**INPUT MATERIAL:**
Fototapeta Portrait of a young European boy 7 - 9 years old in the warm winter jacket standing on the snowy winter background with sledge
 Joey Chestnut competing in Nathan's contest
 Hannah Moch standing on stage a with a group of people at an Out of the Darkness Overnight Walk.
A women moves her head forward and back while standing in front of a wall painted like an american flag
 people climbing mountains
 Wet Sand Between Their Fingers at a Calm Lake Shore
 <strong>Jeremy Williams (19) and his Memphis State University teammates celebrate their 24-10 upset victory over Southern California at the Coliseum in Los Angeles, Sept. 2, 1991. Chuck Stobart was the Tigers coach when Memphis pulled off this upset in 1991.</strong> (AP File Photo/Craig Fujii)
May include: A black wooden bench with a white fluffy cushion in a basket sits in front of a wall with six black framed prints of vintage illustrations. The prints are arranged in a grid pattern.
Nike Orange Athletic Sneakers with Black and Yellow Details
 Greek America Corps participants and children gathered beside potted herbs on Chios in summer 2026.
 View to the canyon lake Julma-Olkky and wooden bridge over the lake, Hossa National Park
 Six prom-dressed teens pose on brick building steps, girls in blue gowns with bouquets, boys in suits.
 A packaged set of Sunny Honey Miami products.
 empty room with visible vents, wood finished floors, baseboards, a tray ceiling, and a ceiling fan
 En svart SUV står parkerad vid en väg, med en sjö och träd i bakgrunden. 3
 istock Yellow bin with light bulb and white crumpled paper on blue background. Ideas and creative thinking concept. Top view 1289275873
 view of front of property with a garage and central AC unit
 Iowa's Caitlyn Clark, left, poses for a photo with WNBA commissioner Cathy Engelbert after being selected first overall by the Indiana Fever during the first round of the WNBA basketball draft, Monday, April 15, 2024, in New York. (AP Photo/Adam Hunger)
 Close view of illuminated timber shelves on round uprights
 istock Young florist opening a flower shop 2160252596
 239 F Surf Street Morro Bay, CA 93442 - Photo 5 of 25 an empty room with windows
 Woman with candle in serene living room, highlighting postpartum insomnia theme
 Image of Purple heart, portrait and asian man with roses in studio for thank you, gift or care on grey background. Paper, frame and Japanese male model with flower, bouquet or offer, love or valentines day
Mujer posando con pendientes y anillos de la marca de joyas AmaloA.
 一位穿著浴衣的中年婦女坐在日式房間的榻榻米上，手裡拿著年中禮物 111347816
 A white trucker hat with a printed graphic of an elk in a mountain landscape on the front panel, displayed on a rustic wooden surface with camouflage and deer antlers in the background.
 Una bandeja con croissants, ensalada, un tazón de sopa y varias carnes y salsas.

**WHAT THE TASK REQUIRES:** Only the lines above from the line containing "May include: A" through the line containing "Mujer posando con" should be retyped, exactly and with both ends included.

**ANSWER TO THE PROBLEM:**
May include: A black wooden bench with a white fluffy cushion in a basket sits in front of a wall with six black framed prints of vintage illustrations. The prints are arranged in a grid pattern.
Nike Orange Athletic Sneakers with Black and Yellow Details
 Greek America Corps participants and children gathered beside potted herbs on Chios in summer 2026.
 View to the canyon lake Julma-Olkky and wooden bridge over the lake, Hossa National Park
 Six prom-dressed teens pose on brick building steps, girls in blue gowns with bouquets, boys in suits.
 A packaged set of Sunny Honey Miami products.
 empty room with visible vents, wood finished floors, baseboards, a tray ceiling, and a ceiling fan
 En svart SUV står parkerad vid en väg, med en sjö och träd i bakgrunden. 3
 istock Yellow bin with light bulb and white crumpled paper on blue background. Ideas and creative thinking concept. Top view 1289275873
 view of front of property with a garage and central AC unit
 Iowa's Caitlyn Clark, left, poses for a photo with WNBA commissioner Cathy Engelbert after being selected first overall by the Indiana Fever during the first round of the WNBA basketball draft, Monday, April 15, 2024, in New York. (AP Photo/Adam Hunger)
 Close view of illuminated timber shelves on round uprights
 istock Young florist opening a flower shop 2160252596
 239 F Surf Street Morro Bay, CA 93442 - Photo 5 of 25 an empty room with windows
 Woman with candle in serene living room, highlighting postpartum insomnia theme
 Image of Purple heart, portrait and asian man with roses in studio for thank you, gift or care on grey background. Paper, frame and Japanese male model with flower, bouquet or offer, love or valentines day
Mujer posando con pendientes y anillos de la marca de joyas AmaloA.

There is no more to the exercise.